In recent years, chefs and foodie fashionistas have fallen in love with ramps. Now you find cultivated ramps in upscale urban farmers markets and even some Whole Foods (so I hear). Yes, another poverty food gone chic.
As I looked into my bag of ramps, I remembered this folklorist named Mary Hufford. Mary spent a lot of time hanging out in West Virginia’s “Big Coal River Valley” back in the nineties documented the lives of the mountain people who, for generations, used the forest for gathering and hunting. She described communities deeply connected to the seasons and one another. Ramps as part of a larger world of quilting bees, the Baptist church—and, of course, the annual Ramps Supper in the “Ramp House” on Drew Creek.

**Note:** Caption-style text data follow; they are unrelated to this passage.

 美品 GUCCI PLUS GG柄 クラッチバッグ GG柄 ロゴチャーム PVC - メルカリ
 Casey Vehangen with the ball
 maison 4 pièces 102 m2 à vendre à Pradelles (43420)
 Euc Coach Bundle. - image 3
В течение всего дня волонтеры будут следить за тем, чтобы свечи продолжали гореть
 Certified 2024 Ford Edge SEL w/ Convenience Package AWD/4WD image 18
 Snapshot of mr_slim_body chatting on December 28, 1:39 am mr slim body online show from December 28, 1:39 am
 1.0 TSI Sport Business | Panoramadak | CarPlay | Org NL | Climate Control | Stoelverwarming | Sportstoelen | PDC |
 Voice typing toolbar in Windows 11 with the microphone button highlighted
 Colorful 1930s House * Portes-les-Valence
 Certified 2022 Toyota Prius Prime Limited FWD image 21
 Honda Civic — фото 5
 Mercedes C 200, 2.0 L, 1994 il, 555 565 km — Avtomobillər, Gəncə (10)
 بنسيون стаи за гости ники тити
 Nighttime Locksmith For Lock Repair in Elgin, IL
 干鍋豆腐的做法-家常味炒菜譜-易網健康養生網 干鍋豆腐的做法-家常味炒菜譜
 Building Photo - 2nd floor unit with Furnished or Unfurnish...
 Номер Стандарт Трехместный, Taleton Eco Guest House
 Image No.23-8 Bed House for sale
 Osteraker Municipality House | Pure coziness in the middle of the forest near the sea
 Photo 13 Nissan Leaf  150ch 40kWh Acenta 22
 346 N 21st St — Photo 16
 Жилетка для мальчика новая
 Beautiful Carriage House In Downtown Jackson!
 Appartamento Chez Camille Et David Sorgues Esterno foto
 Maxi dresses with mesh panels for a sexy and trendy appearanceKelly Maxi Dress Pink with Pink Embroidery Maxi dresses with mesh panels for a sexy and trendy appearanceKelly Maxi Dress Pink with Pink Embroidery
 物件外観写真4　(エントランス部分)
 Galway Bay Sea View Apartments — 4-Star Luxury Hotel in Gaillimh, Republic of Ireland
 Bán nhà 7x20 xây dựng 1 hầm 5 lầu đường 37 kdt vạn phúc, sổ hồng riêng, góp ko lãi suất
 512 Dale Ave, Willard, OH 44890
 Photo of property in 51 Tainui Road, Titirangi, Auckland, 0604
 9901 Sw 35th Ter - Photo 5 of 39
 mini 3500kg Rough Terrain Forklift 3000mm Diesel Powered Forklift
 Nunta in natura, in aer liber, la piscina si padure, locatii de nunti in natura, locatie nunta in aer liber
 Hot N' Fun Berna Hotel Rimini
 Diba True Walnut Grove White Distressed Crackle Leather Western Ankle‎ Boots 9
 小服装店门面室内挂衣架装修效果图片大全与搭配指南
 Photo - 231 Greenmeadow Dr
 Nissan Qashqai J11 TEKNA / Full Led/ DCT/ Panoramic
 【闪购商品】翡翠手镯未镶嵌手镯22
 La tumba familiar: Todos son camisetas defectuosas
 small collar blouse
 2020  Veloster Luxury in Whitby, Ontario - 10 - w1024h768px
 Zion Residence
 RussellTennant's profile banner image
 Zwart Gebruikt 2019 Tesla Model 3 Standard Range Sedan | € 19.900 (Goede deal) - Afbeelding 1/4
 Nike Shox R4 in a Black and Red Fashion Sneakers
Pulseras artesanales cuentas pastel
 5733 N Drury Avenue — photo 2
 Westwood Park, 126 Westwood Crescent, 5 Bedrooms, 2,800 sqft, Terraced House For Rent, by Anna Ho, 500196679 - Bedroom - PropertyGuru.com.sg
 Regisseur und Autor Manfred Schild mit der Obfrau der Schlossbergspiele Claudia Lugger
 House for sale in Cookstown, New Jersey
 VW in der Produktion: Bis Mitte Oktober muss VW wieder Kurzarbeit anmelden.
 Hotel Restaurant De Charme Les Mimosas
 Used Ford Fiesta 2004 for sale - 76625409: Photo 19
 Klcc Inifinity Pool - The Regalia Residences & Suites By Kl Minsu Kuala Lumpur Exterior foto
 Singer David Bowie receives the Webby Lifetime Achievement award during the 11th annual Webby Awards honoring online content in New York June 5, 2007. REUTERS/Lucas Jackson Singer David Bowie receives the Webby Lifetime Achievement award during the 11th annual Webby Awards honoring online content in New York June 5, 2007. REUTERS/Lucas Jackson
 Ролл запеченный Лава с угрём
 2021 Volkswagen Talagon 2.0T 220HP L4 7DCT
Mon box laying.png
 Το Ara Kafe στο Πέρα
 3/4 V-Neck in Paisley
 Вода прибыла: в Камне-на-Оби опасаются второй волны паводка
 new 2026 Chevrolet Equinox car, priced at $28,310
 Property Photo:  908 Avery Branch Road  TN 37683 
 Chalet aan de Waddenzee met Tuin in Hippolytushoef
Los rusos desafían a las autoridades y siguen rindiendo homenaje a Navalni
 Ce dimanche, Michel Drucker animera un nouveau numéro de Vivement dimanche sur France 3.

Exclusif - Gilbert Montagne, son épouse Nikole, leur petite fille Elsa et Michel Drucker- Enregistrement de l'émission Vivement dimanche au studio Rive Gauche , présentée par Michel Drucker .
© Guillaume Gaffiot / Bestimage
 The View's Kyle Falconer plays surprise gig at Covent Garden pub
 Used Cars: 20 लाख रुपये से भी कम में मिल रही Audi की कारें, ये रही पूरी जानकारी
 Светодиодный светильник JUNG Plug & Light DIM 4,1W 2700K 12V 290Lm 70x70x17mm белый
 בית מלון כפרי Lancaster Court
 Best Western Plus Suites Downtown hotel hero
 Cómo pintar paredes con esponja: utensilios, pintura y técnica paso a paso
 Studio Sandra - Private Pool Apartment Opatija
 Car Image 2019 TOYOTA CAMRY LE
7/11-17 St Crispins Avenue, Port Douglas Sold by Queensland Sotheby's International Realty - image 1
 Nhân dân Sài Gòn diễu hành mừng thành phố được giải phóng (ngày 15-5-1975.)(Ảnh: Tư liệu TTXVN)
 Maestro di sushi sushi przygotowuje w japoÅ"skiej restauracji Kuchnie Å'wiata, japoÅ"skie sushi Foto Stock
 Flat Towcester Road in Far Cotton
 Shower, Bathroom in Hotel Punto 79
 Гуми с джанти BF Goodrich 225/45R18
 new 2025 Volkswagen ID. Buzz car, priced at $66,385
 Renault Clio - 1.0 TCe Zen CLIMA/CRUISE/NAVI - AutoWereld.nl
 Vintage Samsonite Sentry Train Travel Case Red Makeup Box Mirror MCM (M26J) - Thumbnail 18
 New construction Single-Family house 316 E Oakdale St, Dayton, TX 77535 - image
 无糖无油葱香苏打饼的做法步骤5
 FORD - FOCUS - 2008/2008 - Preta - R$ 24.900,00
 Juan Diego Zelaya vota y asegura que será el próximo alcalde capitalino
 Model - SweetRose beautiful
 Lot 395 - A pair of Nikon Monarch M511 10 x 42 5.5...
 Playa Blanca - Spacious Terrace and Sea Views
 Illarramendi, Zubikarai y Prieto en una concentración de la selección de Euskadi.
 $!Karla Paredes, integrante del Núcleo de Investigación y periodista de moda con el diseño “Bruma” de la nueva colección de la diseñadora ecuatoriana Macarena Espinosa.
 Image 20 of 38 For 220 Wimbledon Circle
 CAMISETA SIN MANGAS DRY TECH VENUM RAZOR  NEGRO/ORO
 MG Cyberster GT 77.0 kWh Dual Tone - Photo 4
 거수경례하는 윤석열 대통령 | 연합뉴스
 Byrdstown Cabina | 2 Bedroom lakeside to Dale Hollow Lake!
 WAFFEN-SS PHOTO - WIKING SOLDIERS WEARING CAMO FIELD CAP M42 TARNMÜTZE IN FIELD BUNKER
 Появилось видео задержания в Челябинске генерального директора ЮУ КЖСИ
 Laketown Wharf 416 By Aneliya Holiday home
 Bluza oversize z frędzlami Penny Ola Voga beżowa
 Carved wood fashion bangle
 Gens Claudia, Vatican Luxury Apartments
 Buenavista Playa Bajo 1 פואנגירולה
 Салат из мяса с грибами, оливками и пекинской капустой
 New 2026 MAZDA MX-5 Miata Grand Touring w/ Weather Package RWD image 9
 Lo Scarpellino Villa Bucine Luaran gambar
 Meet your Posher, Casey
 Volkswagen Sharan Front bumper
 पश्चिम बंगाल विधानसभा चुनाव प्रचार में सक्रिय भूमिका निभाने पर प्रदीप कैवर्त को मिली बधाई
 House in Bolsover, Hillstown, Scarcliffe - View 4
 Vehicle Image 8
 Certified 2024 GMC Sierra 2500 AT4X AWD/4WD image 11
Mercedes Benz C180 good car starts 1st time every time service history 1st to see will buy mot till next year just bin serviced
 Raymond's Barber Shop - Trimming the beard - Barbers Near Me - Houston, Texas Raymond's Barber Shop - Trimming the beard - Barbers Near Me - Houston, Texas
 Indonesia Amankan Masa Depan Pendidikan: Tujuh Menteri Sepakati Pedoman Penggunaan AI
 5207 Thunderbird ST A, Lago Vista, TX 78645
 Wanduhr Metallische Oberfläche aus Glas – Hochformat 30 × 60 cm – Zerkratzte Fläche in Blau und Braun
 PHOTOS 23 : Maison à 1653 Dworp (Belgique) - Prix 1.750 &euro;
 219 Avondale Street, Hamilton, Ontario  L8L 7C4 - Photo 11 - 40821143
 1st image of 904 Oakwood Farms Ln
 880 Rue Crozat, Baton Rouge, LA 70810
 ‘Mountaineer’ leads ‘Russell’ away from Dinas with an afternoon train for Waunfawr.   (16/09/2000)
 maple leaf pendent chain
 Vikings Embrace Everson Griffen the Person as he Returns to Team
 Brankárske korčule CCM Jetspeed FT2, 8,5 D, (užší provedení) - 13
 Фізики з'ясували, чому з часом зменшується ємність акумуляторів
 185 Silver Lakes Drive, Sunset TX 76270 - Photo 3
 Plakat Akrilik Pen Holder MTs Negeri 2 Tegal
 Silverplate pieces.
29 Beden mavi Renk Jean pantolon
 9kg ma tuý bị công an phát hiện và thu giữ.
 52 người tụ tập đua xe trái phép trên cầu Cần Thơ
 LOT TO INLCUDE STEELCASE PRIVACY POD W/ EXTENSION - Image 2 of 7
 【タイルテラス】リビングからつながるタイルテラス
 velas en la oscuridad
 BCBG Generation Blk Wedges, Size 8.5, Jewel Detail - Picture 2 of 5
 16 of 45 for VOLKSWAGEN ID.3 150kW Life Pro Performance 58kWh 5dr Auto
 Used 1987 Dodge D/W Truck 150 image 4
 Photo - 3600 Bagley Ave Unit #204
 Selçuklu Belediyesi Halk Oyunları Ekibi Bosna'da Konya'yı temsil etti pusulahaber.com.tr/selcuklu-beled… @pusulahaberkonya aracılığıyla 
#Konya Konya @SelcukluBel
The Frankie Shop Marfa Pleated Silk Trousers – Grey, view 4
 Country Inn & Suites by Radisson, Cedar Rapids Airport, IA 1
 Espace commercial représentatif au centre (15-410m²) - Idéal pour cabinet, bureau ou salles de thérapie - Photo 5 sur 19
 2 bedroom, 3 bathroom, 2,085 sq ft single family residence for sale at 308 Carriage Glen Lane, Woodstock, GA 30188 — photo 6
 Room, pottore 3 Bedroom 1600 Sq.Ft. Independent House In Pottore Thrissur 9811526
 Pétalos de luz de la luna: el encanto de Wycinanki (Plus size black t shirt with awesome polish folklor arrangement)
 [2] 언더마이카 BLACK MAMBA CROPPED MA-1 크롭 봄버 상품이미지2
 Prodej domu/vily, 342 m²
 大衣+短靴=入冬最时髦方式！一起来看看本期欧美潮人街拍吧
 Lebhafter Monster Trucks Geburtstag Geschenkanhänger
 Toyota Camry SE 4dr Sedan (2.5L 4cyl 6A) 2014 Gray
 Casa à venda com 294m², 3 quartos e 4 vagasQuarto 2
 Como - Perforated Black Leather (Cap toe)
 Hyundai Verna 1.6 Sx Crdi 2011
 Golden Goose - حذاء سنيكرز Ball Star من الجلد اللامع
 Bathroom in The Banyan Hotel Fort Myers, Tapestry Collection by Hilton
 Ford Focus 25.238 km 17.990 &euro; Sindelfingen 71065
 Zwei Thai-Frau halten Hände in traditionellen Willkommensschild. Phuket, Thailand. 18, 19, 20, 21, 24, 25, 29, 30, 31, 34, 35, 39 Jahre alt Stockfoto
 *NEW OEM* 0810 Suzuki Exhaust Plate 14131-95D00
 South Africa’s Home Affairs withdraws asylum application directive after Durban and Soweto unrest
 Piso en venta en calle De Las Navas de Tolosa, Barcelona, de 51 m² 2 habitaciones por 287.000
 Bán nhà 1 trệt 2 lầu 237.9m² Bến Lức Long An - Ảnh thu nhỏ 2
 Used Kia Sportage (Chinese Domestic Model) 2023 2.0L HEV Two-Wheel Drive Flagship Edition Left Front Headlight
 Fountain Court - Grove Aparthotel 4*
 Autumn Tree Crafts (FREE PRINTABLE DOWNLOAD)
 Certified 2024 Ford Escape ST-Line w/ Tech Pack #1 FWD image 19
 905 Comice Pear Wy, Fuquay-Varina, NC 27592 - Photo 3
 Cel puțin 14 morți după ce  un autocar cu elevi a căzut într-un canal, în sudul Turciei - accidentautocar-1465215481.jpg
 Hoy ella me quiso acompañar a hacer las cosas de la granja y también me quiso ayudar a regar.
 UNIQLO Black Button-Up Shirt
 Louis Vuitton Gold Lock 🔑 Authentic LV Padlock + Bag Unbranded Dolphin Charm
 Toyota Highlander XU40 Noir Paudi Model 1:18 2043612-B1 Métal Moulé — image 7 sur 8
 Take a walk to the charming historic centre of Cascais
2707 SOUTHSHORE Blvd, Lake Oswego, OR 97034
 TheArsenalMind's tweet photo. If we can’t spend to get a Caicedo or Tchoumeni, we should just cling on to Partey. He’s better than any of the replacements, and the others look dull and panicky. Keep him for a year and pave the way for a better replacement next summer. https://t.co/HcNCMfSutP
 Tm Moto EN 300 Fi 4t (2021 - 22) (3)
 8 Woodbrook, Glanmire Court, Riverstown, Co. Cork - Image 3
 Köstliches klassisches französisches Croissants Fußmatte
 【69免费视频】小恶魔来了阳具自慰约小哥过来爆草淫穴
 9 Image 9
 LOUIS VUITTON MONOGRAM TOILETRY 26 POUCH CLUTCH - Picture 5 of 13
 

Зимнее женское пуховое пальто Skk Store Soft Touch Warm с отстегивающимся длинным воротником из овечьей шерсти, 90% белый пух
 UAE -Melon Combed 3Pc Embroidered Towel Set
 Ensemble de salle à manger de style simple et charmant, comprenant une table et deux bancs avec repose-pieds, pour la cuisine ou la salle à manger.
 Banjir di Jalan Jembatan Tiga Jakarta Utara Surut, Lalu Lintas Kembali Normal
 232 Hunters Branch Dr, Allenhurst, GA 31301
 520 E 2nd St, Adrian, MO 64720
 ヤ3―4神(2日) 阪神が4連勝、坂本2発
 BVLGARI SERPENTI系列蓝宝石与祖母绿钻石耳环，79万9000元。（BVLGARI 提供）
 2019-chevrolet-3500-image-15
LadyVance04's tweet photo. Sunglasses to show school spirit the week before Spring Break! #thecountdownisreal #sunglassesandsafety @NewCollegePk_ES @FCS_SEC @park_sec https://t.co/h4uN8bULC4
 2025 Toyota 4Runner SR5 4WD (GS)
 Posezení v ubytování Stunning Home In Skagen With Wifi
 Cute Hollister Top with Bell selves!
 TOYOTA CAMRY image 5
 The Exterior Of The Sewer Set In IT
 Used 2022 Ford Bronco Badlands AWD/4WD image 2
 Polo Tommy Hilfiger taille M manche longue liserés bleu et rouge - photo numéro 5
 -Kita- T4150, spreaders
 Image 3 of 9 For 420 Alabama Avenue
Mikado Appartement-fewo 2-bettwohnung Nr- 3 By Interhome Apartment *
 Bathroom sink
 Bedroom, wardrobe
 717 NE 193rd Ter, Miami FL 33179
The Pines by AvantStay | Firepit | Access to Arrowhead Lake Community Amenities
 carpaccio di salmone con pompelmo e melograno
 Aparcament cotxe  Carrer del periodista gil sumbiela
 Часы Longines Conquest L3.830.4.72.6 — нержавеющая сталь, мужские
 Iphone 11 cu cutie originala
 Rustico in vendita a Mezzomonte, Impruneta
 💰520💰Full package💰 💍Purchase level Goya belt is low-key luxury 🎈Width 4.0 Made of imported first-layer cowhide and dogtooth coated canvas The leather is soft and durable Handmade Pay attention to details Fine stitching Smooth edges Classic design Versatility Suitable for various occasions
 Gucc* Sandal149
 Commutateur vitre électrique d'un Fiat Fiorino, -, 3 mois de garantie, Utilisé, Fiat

You can see her work on ramps here. It’s just about one of the coolest things I’ve ever seen..
http://memory.loc.gov/ammem/collections/tending/essay4a.html
Not exactly the kind of stuff they cover on the Food Network, is it, now.
But back to the muddy ramps on my kitchen counter. How to cook these things? Of course I wanted to make them like they do in West Virginia.
I reached out to Rebecca Tolley-Stokes at Potlikker, who wrote me that ramps are eaten many ways--fried, plain, boiled, but very often with some sort of pork fat and eggs or potatoes, in a skillet on top of the stove.
So when Nancy arrived at my house, we did just that. First we fried up the bacon. Then we added some sliced potatoes and salt, then the parboiled chopped ramps, and then got everything a little soft.
To be honest, I wasn’t expecting much. I figured it would taste just like any other kind of humble potatoes and greens dish. But the truth is that the ramp surprised me. It’s a divine creature--complex, sweet, with just a little bite. A cross between onion and garlic. No wonder chefs love it.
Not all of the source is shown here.